Task to carry out:
Everything from the line holding "Samuxda III Ərik" through the end of the records should be printed exactly, apart from the pictures.

Dataset records:
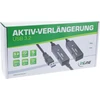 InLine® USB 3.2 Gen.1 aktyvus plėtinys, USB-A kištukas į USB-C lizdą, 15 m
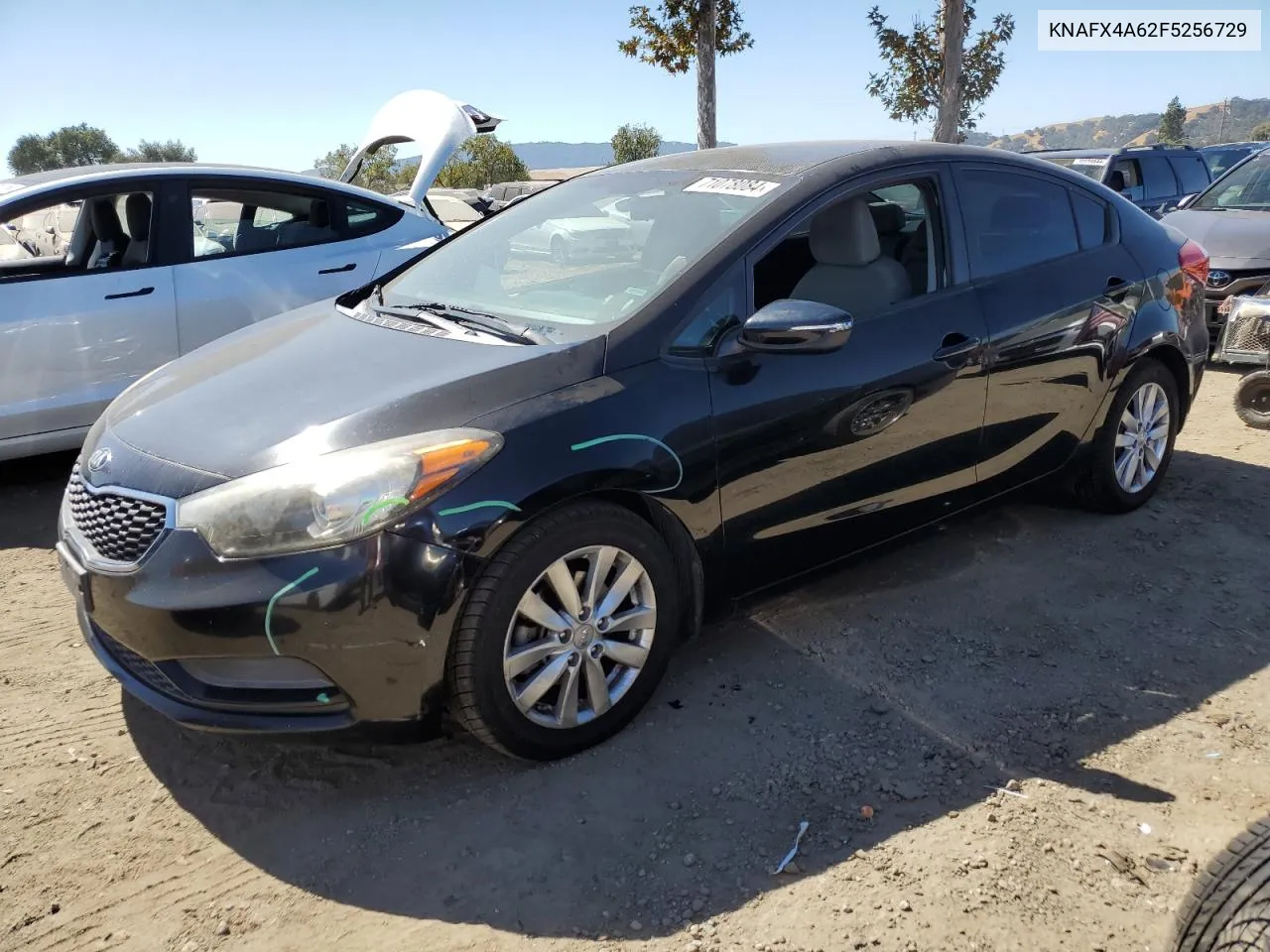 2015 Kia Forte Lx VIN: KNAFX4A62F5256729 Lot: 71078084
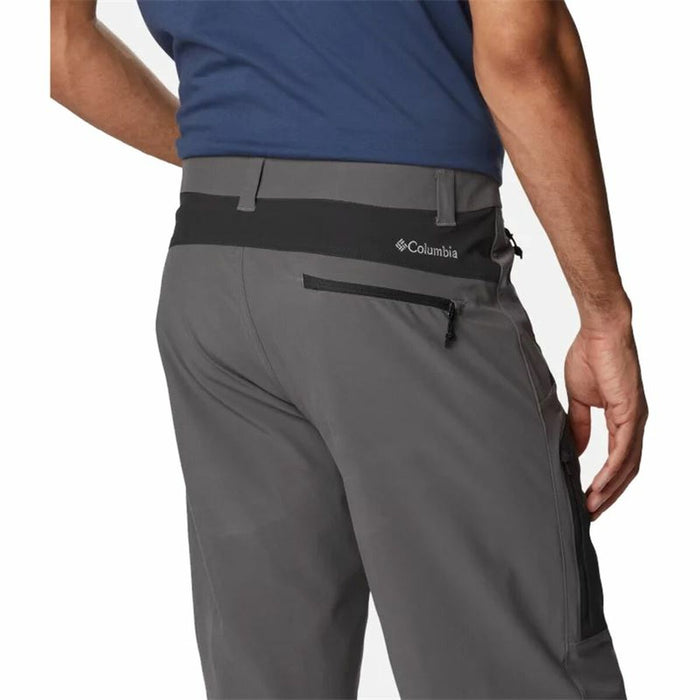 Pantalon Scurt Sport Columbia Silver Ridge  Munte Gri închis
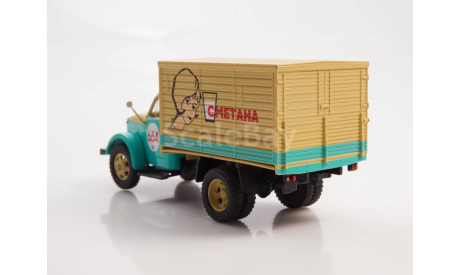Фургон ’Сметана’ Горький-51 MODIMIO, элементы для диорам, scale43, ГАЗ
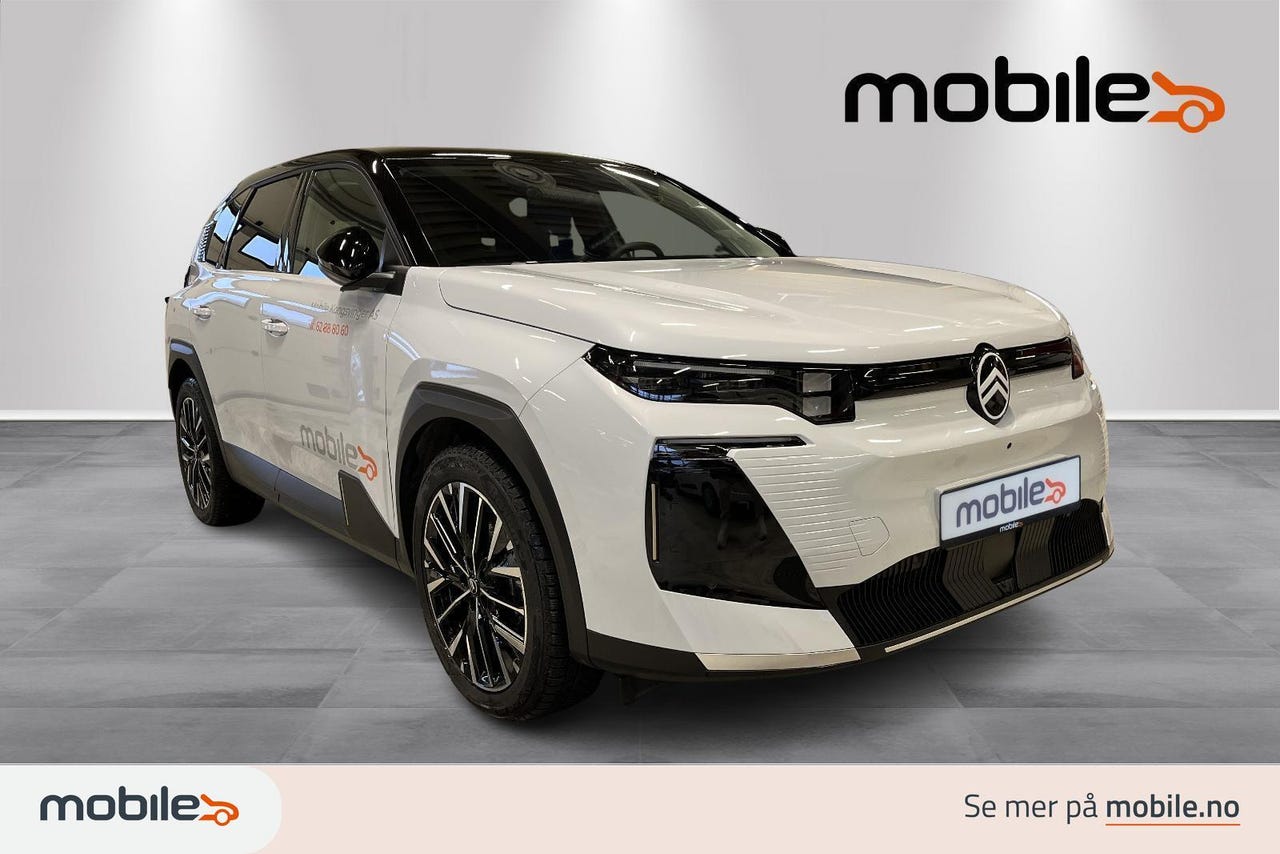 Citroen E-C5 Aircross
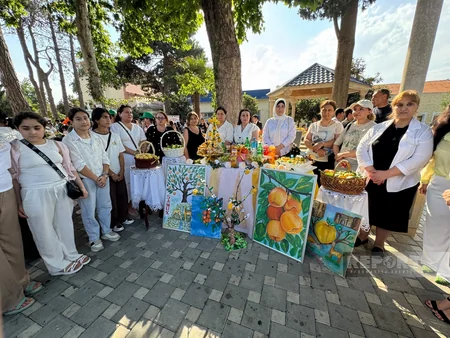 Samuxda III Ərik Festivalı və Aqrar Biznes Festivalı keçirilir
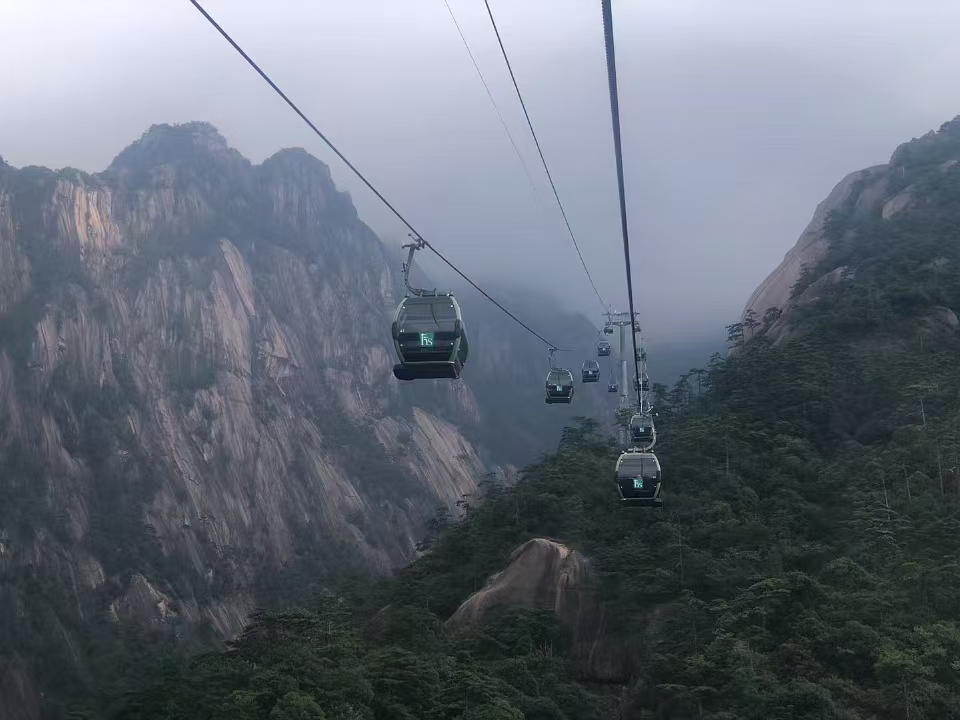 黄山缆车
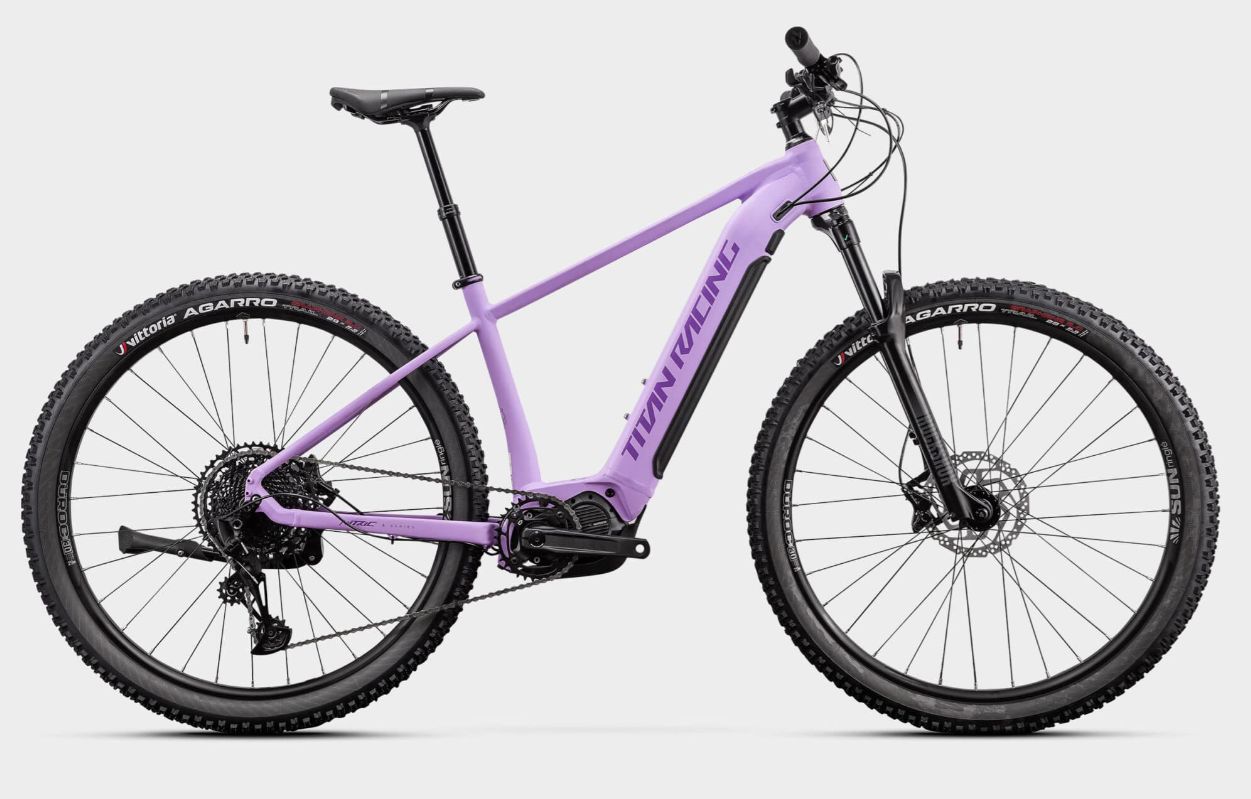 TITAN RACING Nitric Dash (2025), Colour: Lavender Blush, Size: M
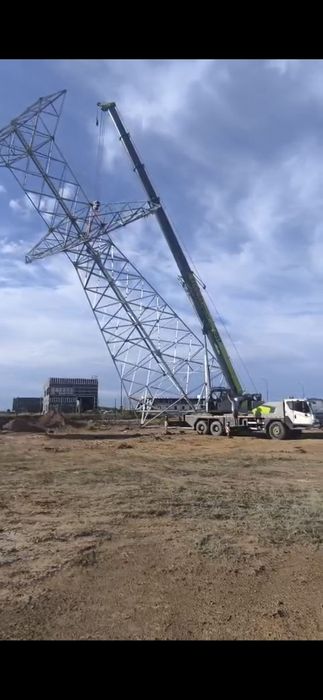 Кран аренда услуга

Answer space:
 Samuxda III Ərik Festivalı və Aqrar Biznes Festivalı keçirilir
 黄山缆车
 TITAN RACING Nitric Dash (2025), Colour: Lavender Blush, Size: M
 Кран аренда услуга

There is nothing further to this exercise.